À en croire la p. 55, « Par la suite, dans Le Silmarillion (années 1940), la plupart des références [à l'Angleterre] ont disparu ». Cette formulation est excessive à plus d'un titre. L'écriture du Silmarillion s'étend bien au delà de cette période. Selon Christopher Tolkien, The Quenta ou Qenta Noldorinwa fut rédigé dans la première moitié des années 30 (The Shaping of Middle-earth, Allen & Unwin, 1986, p. 76). Il fut remplacé par le Quenta Silmarillion en 1937-1938 (The Lost Road, Unwin Hyman, 1987, p. 199 sq.). En fait, les années 40 furent principalement consacrées à la mise en place du Seigneur des Anneaux. J.R.R. Tolkien ne revint au Silmarillion et aux annales qui s'y rattachent qu'au début des années 50 (Morgoth's Ring, Harper Collins Publishers, 1993, p. 141 sq.). Il n'eut de cesse de le retravailler et de le compléter jusqu'à la fin des années 50 (The War of the Jewels, Harper Collins Publishers, 1994, p. 173). Les remaniements tardifs sont plus épisodiques (voir notamment le texte Maeglin in The Peoples of Middle-earth, Harper Collins Publishers, 1996, p. 316 sq., où figurent des corrections de 1970-1971, après une longue période creuse). Les références à l'Angleterre et à la première forme de la mythologie ne disparaissent pas brusquement après le Book of Lost Tales, loin s'en faut. On notera par exemple la mention de Tavrobel sur la seconde carte des années 30 (publiée dans The Lost Roadop. cit., p. 407-413) : cette ville était précédemment identifiée avec Great Haywood en Angleterre. Tolkien ne semble jamais avoir complètement abandonné la vieille histoire de son marin anglo-saxon Ælfwine, qui fait encore une apparition remarquable dans un texte de 1951-1959, le Dangweth Pengoloð (in The Peoples of Middle-earthop. cit., p. 394). La question est complexe, et mérite un traitement plus rigoureux. Nous renvoyons le lecteur désireux d'approfondir ce sujet à l'excellent essai de Charles E. Noad, « On the construction of “The Silmarillion” », in Tolkien's Legendarium, V. Flieger & C. F. Hostetter eds., Greenwood Press, 2000, p. 31-68.
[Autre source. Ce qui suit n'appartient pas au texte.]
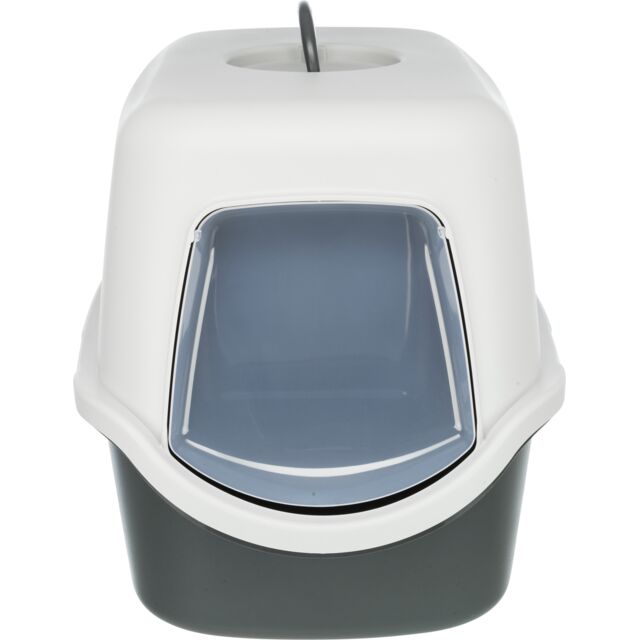 Vico Litter Tray, with Hood 40cm X 40cm X 56cm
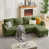 Green Corduroy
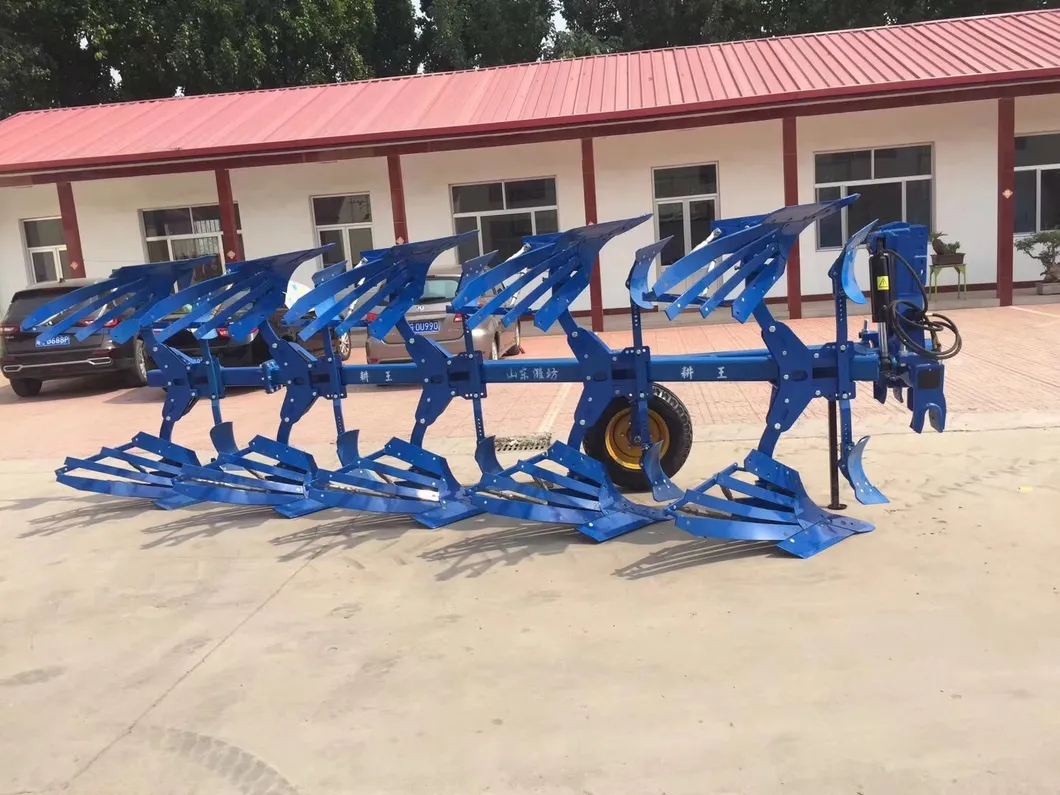 The Newest Hydraulic Reversible Ploughs in China Wholesale Price Hydraulic Flip Plow, One Piece for Sale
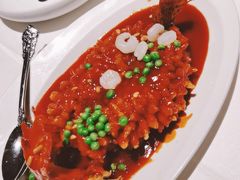 松鼠桂鱼-玫瑰厅上海菜(兴国路店)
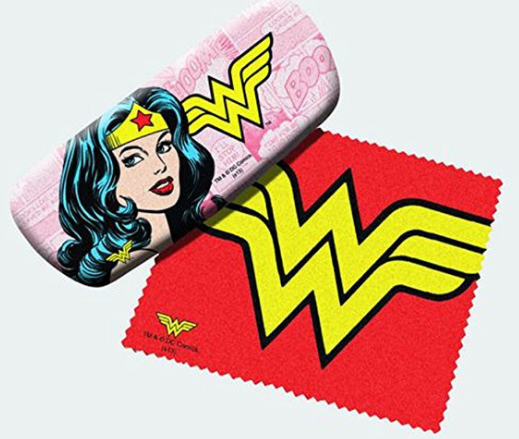 Wonder Woman eyeglass case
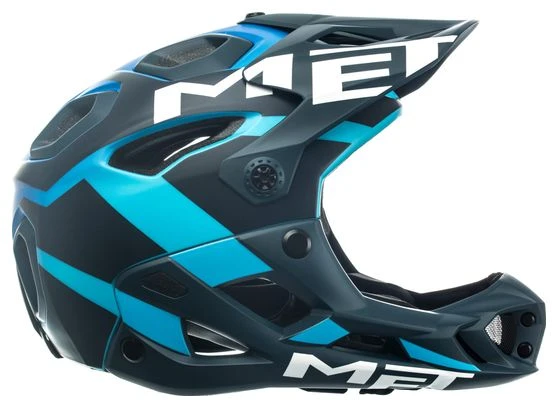 Casco Integral Met Parachute Bleu 3 Casco Integral Met Parachute Bleu - Imagen 3
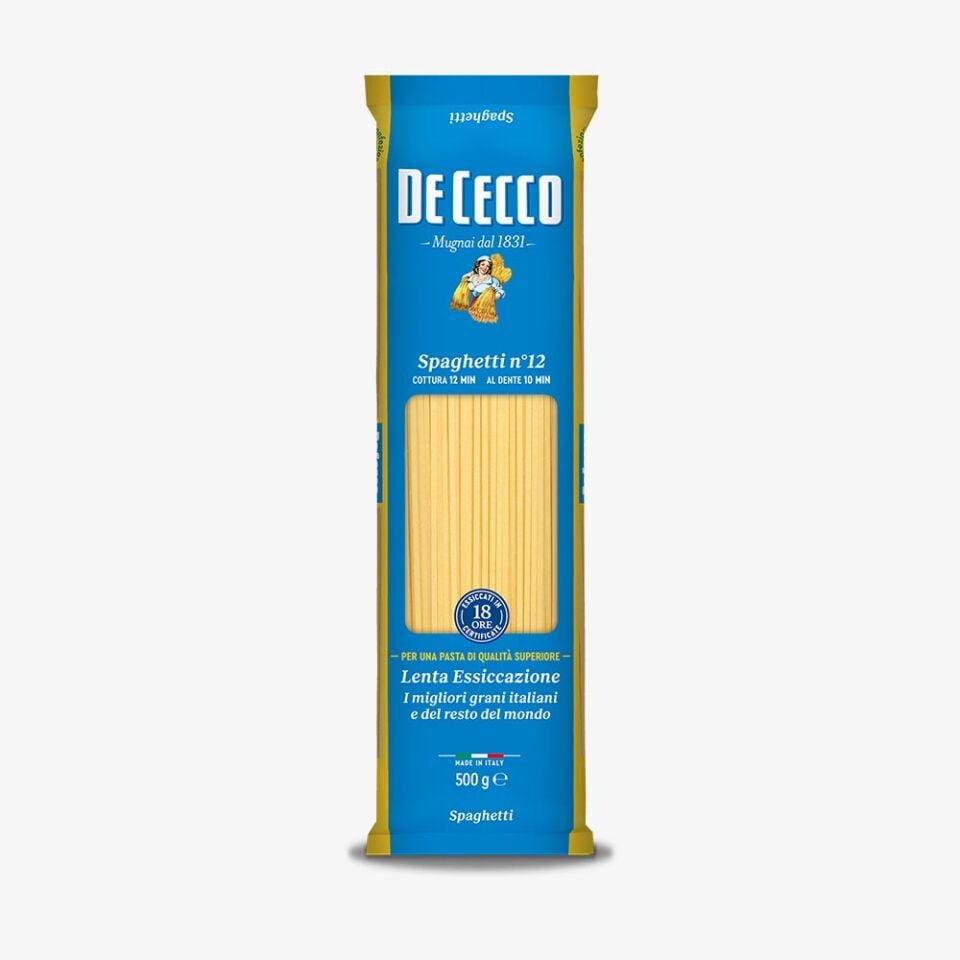 De Cecco Spagetti / Çubuk Makarna 500 gr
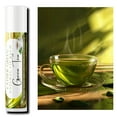 thumbnail image 1 of Green Tea Natural Lip Balm, Pack of 3 by LatherGreen, 1 of 9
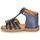 Schoenen Meisjes Sandalen / Open schoenen GBB ATECA Blauw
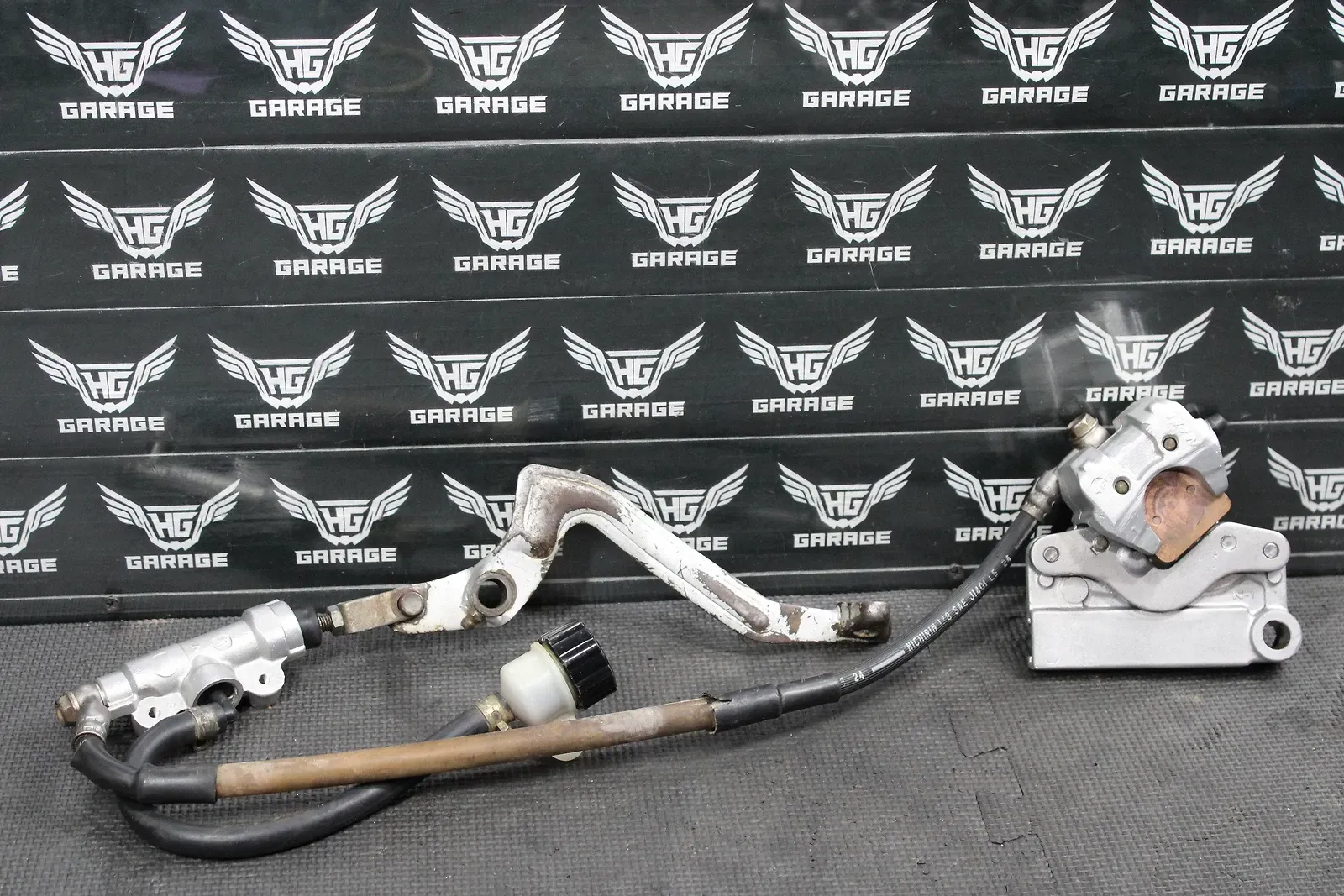 1995 KAWASAKI 95-97 KX100 91-94 KX80 OEM REAR BACK BRAKE CALIPER MASTER CYLINDER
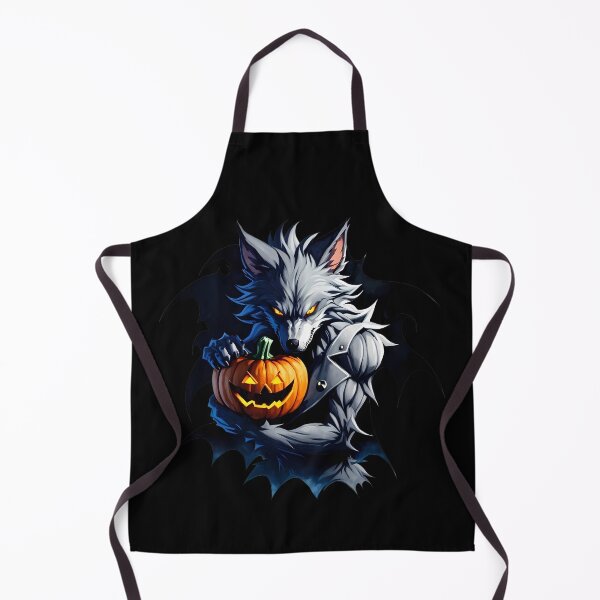 Item preview, Pumpkin Power: Muscular Werewolf designed and sold by WitMeme.
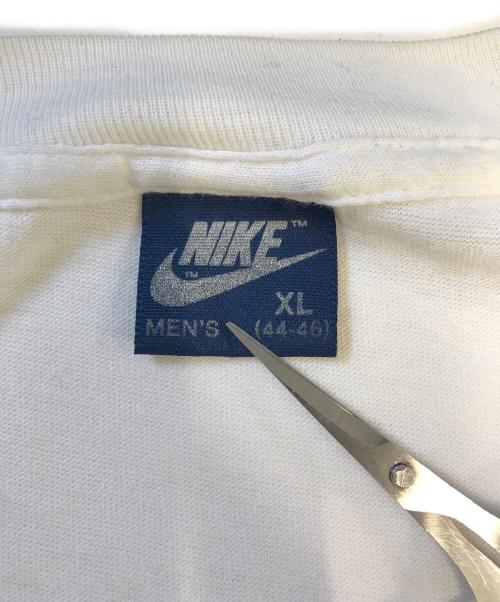 NIKE（ナイキ）NIKE (ナイキ) Tシャツ ホワイト サイズ:XLの古着・服飾アイテム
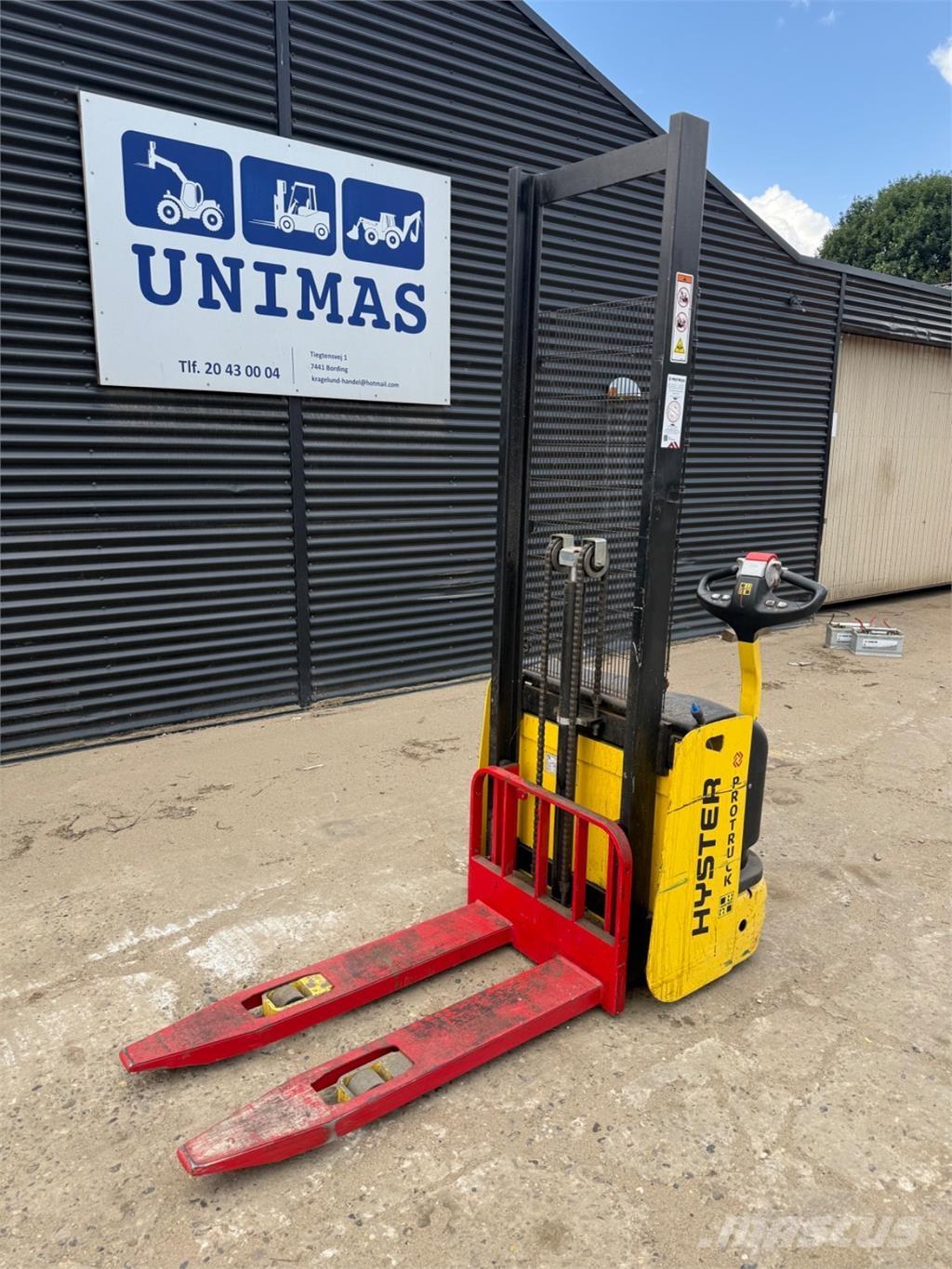 Hyster S1.0 Ručni paletariRučni paletni viličari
Nous lisons aussi, p. 56 : « La comparaison reste hasardeuse, mais Umbar, sur la carte que l'on a dans Le Seigneur des Anneaux, ressemble vraiment beaucoup à la côte africaine, et la mer d'Helcar peut, dans certains passages, évoquer la Méditerranée, bien qu'elle disparaisse dans les récits plus tardifs (à partir du Seigneur des Anneaux) ». Seule l'esquisse V de l'Ambarkanta (in The Shaping of Middle-earthop. cit., p. 251) permet un rapprochement avec la côte africaine. Aucun passage textuel ne corrobore cette thèse. Comme l'a très justement remarqué Karen W. Fonstad dans son Atlas of Middle-earth, l'inclinaison de la côte au voisinage d'Umbar ne correspond pas avec ce croquis problématique. Il faut supposer des changements consécutifs à la submersion du Beleriand ou de Númenor pour expliquer cette différence, et nous entrons alors dans le domaine de la pure spéculation. La mer d'Helcar soulève des questions du même ordre. Contrairement aux affirmations de Claire Panier, elle ne disparaît pas après Le Seigneur des Anneaux : nous en trouvons encore mention dans The Annals of Aman (in Morgoth's Ringop. cit., p. 82, texte daté de 1958 selon Christopher Tolkien). Mais comme la localisation méditerranéenne du croquis V de l'Ambarkanta situerait cette mer intérieure aux environs du Mordor, la question de sa place dans la géographie tardive reste épineuse. Sur la base d'une mention curieuse dans les Grey Annals, Christopher Tolkien suggère qu'elle ait pu être identifiée à la mer de Rhûn (voir The War of the Jewelsop. cit., p. 174), sans qu'il soit possible d'en apporter la preuve définitive. Karen W. Fonstad suit cette hypothèse en l'expliquant par les phénomènes volcaniques qui auraient provoqué la formation du Mordor et le rétrécissement de la mer. Nous avons d'autres considérations semblables à mettre au dossier, mais il nous faudra les développer ailleurs que dans cette recension critique.*
Dans ce sens, nous lisons encore, p. 57 : « La Terre du Milieu connue par la trilogie du Seigneur des Anneaux ou par Le Silmarillion s'est tout à fait éloignée de cette conception première, et il est impossible, désormais, d'établir un parallèle avec l'Angleterre ». Comme nous l'avons montré plus haut, il existe bien un glissement entre la conception primitive du Book of Lost Tales et le légendaire tardif, mais la scission n'est pas aussi nette.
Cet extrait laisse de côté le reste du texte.